Fortunato Ciardiello, MD, PhD: Second-line treatment is an important component of treatment in metastatic colorectal cancer, because the continual care of subsequent lines of therapy is essential for prolonging survival, giving a relatively better quality of life to each patient with metastatic colorectal cancer. In this sequence, even the possibility of doing surgical removal of liver metastasis can play a role, either in the curative intention or for prolonging progression-free survival. In this scenario, the second-line options depend a lot on the first-line options. In terms of chemotherapy backbone, usually patients who in first line are treated with FOLFIRI receive second-line FOLFOX. So from irinotecan to oxaliplatin. Whereas the reverse is a situation when first line is FOLFOX followed by FOLFIRI.

In terms of biological agents, in patients whose disease is RAS mutated, obviously we cannot use anti-EGFR drugs, and usually in second line the strategy is sequencing chemotherapy by switching irinotecan to oxaliplatin or vice versa, and keeping antiangiogenic drugs—either continuing bevacizumab during progression or replacing the bevacizumab with other antiangiogenic drugs such as aflibercept or ramucirumab. Although the data with ramucirumab and aflibercept are only with FOLFIRI, and therefore we can use this option for second line only if we did FOLFOX–OXALOX in first line.

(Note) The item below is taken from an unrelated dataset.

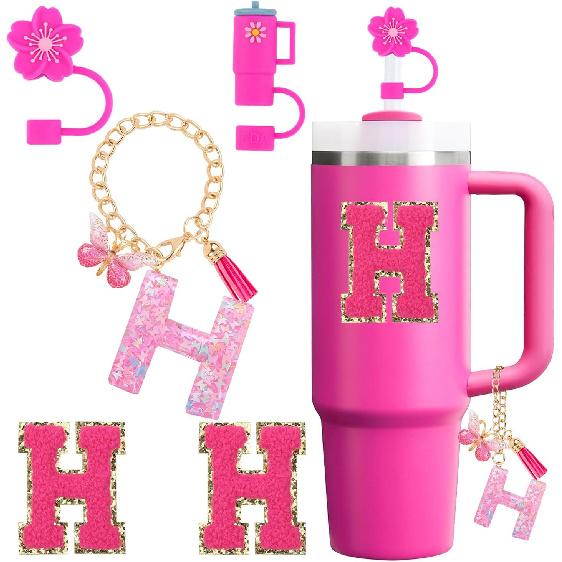 Набор аксессуаров для стакана Stanley 30oz 40oz с ручкой, Включая силиконовый колпачок-насадку для соломинки, Брелок-подвеска на ручку, Наклейка с инициалами, Цвет: Фуксия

For patients with the RAS or RAF wild-type disease, in first line we use the chemotherapy backbone plus bevacizumab. In second line usually patients have 2 options: either to continue bevacizumab beyond progression by continuing this in combination with alternative chemotherapy, or—and this happens more often in several countries to switch to the alternate chemotherapy plus an anti-EGFR monoclonal—either cetuximab or panitumumab.

Tanios Bekaii-Saab, MD: We think about our patients’ treatment options as a long-term plan, not a short-term plan. The way I think about it is I want to take those patients through a marathon rather than through a sprint where I exhaust options and exhaust the patients too, and then lose the capacity to continue building up options for them. Whatever we do in the first line is important and should not be disconnected from our line of thinking about what should be done in the second, third, or fourth line.

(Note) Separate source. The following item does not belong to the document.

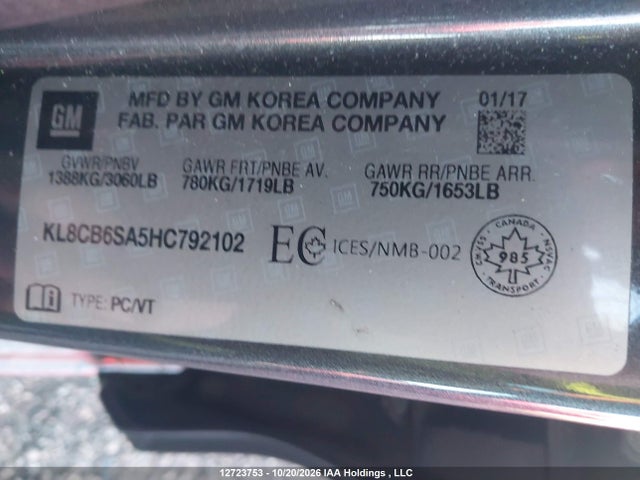 Chevrolet Spark 2017 KL8CB6SA5HC792102 Image 9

If we have a right-sided tumor and you use VEGF—so bevacizumab in the first line—typically in the second line you will switch to chemo and go to bevacizumab. On the left-sided, with a left-sided tumor, that’s again RAS wild type, BRAF wild type, HER2 nonamplified. And assuming again microsatellite stable for that patient, if we went with an EGFR inhibitor in the first line, then naturally we’ll progress to a VEGF inhibitor, bevacizumab in the second line. If you started with FOLFIRI plus, say, cetuximab in the first line, you can actually continue the FOLFIRI. I’m sorry, you switch to FOLFOX and then switch the biology to bevacizumab. If you started with a FOLFOX–panitumumab in the first line, then in second line you have FOLFIRI plus bevacizumab.

On the other hand, if you start with bevacizumab and FOLFIRI, you can actually continue the FOLFIRI and just add the EGFR inhibitor. If you started with FOLFOX plus bevacizumab in the first line, then you switch to chemotherapy, to FOLFIRI, and then you go with EGFR inhibitor. The reason I don’t continue bevacizumab from first line to second line in that patient who is perfect for EGFR inhibitors is because I really don’t want to wait too long before we introduce the effects of the EGFR inhibition. Some may argue that EGFR inhibitors keep their activity across lines of therapy regardless of line of therapy, and perhaps you could still push it further down.

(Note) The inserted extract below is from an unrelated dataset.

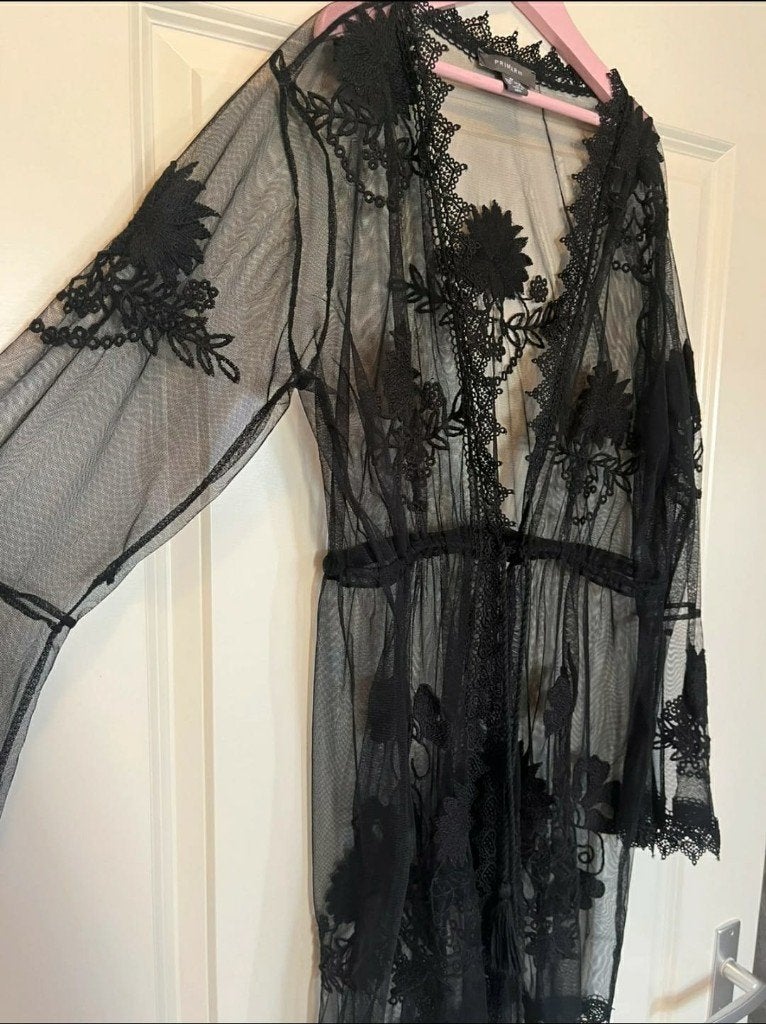 Zwarte Kanten Kimono/Badjas, Primark, Ophalen of Verzenden, Zwart, Nachtkleding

I think the data from CALGB 80405 and FIRE-3 are intriguing enough to actually convince me that I cannot wait beyond second line to use an EGFR inhibitor, and I prefer not to in terms of planning for overall survival. For most of my patients, though, the preferred first line remains chemotherapy plus bevacizumab, and usually FOLFIRI plus bevacizumab because I like to keep that backbone and then introduce the EGFR inhibitor in the second line.